Each line below must be printed again exactly.

_Available data_:
═══

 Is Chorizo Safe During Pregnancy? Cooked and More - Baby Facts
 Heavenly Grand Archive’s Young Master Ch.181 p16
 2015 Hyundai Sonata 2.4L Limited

═══

_Answer to the exercise_:
 Is Chorizo Safe During Pregnancy? Cooked and More - Baby Facts
 Heavenly Grand Archive’s Young Master Ch.181 p16
 2015 Hyundai Sonata 2.4L Limited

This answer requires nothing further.